Я пораженно откладываю стило:
— Эмили, завтра день рождения Адриана.
На том конце тишина.
— Мы говорили об этом еще на прошлой неделе. Как ты могла забыть?
— Я… Я не знаю, Габриэль. Извини, мне надо идти.
Она вешает трубку.
Эмили вернулась из Японии несколько дней спустя после дня рождения Адриана, с охапками подарков, чтобы компенсировать свое отсутствие. Наш сын не обиделся на нее. Он даже спросил, может ли он тоже стать моделью, чтобы позировать вместе с ней.

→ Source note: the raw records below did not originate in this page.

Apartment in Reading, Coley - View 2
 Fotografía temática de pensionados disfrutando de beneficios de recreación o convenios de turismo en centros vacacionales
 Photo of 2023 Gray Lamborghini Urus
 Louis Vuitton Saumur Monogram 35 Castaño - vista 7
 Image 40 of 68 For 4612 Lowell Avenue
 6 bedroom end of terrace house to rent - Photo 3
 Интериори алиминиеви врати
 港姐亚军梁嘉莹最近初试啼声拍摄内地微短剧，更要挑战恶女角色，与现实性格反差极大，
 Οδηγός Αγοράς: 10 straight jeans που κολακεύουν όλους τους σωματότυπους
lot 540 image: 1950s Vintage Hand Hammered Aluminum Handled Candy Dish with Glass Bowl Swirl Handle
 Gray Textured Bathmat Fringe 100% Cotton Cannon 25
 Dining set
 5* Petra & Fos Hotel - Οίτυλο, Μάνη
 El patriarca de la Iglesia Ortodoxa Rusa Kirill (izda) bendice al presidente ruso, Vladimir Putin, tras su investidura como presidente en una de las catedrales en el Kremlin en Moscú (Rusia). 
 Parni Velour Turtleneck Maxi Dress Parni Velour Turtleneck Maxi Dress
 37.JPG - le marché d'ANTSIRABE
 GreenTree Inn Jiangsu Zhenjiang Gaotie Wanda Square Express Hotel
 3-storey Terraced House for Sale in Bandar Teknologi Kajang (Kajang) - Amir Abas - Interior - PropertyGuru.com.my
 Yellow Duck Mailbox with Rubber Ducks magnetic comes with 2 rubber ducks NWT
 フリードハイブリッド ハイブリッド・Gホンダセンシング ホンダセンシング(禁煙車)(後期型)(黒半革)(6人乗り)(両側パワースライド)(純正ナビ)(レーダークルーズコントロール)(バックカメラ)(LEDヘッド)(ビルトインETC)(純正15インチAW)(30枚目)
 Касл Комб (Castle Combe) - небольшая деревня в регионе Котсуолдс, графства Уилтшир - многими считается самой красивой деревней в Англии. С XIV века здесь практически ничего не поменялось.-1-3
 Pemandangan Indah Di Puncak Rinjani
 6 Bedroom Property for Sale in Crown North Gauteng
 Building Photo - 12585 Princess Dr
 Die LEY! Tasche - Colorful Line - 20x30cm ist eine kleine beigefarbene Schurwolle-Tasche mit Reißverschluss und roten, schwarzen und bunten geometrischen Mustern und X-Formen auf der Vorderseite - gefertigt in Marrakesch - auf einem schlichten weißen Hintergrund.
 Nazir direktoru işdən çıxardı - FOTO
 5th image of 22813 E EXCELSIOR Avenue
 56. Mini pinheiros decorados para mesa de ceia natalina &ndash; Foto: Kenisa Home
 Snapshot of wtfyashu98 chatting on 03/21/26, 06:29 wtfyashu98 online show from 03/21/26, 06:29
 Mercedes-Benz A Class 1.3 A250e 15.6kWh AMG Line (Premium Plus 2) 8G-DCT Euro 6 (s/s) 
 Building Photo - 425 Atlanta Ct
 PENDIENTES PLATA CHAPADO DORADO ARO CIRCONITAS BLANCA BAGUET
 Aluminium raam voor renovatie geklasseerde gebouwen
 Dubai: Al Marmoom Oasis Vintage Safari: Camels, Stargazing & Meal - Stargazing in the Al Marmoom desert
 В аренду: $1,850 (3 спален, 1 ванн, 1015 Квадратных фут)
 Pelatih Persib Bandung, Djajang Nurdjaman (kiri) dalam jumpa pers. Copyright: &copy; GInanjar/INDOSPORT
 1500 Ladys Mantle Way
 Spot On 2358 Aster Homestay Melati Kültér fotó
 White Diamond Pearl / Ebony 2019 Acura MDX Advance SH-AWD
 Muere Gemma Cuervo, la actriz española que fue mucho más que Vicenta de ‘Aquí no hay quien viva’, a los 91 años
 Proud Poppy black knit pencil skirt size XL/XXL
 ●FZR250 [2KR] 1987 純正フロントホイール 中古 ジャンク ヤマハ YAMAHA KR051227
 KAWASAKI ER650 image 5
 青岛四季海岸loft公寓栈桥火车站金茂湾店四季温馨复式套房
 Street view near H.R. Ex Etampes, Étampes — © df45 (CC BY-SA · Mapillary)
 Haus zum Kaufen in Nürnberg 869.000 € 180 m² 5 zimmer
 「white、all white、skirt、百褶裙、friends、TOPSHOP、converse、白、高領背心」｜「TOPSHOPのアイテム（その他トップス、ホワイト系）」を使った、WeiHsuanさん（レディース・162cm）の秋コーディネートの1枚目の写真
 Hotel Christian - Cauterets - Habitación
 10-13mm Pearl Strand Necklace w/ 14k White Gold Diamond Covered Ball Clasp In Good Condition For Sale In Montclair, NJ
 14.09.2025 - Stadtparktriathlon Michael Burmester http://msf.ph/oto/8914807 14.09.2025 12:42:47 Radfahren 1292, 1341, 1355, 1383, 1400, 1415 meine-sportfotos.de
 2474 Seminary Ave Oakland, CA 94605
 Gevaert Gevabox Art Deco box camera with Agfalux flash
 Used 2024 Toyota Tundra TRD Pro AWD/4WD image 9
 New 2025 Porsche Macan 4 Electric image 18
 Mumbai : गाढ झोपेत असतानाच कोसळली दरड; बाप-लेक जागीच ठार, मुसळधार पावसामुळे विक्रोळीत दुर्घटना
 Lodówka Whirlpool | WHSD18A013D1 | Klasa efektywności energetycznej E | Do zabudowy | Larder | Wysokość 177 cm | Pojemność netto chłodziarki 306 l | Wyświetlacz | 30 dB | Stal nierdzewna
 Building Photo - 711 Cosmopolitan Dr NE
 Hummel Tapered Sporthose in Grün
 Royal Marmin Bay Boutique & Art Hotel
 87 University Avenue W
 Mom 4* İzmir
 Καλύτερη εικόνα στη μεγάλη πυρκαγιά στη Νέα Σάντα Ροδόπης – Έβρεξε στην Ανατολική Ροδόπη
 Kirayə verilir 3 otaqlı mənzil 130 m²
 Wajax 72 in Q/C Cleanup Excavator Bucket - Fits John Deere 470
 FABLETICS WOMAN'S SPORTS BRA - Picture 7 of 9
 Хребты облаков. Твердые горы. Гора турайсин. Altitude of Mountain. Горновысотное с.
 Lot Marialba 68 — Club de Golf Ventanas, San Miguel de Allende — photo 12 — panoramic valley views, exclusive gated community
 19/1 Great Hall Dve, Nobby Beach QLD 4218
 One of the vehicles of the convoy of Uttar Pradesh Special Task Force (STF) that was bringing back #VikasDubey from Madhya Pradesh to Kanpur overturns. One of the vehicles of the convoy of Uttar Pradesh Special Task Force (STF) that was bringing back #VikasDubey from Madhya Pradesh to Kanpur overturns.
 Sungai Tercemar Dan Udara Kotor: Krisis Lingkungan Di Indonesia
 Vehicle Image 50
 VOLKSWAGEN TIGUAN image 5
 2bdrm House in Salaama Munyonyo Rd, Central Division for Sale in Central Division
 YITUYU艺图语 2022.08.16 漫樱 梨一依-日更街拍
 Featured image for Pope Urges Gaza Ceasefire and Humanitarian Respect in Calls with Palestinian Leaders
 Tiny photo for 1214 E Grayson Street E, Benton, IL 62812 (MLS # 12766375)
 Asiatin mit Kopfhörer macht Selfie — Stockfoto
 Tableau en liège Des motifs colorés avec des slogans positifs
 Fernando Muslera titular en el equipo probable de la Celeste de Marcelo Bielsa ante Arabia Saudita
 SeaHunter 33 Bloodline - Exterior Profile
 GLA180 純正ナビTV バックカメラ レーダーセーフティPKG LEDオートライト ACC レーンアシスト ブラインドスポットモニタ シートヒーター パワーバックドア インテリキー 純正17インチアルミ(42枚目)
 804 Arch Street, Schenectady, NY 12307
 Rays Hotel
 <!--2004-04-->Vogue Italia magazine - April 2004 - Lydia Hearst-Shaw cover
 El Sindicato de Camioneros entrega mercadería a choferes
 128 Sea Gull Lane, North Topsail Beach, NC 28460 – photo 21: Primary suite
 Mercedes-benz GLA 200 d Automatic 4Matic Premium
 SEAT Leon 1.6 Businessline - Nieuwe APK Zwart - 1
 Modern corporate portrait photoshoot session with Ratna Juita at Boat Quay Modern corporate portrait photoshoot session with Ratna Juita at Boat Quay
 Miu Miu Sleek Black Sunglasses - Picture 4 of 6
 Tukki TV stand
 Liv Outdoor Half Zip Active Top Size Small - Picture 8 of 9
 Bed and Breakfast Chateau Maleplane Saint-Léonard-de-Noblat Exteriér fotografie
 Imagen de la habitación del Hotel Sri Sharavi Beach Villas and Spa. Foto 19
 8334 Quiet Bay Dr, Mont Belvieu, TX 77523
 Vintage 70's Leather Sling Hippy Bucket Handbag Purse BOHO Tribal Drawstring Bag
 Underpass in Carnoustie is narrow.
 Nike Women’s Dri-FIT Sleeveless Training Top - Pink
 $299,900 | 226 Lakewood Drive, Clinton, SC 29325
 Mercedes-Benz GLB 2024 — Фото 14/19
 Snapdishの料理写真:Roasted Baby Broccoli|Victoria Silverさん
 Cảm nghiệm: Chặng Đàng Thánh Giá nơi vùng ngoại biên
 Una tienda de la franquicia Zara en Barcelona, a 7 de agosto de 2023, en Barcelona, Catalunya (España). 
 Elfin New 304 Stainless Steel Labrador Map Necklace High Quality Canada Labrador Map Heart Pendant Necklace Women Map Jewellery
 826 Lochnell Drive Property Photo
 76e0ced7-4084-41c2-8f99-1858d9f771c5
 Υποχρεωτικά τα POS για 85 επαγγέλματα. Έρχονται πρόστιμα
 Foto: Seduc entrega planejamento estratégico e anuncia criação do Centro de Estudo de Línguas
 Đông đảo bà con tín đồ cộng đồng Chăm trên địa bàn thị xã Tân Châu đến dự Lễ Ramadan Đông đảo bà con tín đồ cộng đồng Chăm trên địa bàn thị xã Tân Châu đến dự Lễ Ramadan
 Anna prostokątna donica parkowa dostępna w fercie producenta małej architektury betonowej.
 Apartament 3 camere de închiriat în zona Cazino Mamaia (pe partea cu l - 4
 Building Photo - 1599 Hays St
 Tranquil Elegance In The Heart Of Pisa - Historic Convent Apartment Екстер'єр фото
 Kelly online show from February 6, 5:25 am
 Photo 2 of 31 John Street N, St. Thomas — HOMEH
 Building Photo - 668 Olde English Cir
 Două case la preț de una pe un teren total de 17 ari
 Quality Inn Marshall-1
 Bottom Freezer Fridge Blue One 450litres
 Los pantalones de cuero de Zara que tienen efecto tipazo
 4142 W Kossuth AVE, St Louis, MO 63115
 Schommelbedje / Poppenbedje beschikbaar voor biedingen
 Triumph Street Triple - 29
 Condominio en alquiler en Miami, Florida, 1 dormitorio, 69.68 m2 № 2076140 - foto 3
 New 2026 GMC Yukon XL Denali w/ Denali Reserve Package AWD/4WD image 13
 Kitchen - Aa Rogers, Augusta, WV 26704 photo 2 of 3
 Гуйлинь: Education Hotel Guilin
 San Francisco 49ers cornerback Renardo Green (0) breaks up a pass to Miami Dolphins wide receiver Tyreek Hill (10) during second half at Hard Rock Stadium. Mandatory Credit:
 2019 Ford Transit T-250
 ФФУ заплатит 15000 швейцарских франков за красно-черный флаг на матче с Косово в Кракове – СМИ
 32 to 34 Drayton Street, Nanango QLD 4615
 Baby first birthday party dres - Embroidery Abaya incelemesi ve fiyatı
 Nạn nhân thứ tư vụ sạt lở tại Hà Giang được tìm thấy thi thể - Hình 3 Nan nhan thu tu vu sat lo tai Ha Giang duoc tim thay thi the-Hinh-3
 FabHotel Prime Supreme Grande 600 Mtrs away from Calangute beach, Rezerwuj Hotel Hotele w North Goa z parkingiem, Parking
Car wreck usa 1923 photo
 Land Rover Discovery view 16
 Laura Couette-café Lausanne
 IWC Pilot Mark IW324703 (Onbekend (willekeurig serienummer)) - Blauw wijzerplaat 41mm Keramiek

Воспользовавшись неделей отдыха, она начинает обучать его тонкостям профессии — как двигаться, как позировать, — и он учится невероятно быстро, словно это врожденное умение. Вооруженная своим пленочным фотоаппаратом, она усиленно снимает его. Когда я возвращаюсь к своим наброскам, в доме раздаются щелчки фотоаппарата и взрывы смеха, более дружные, чем когда-либо.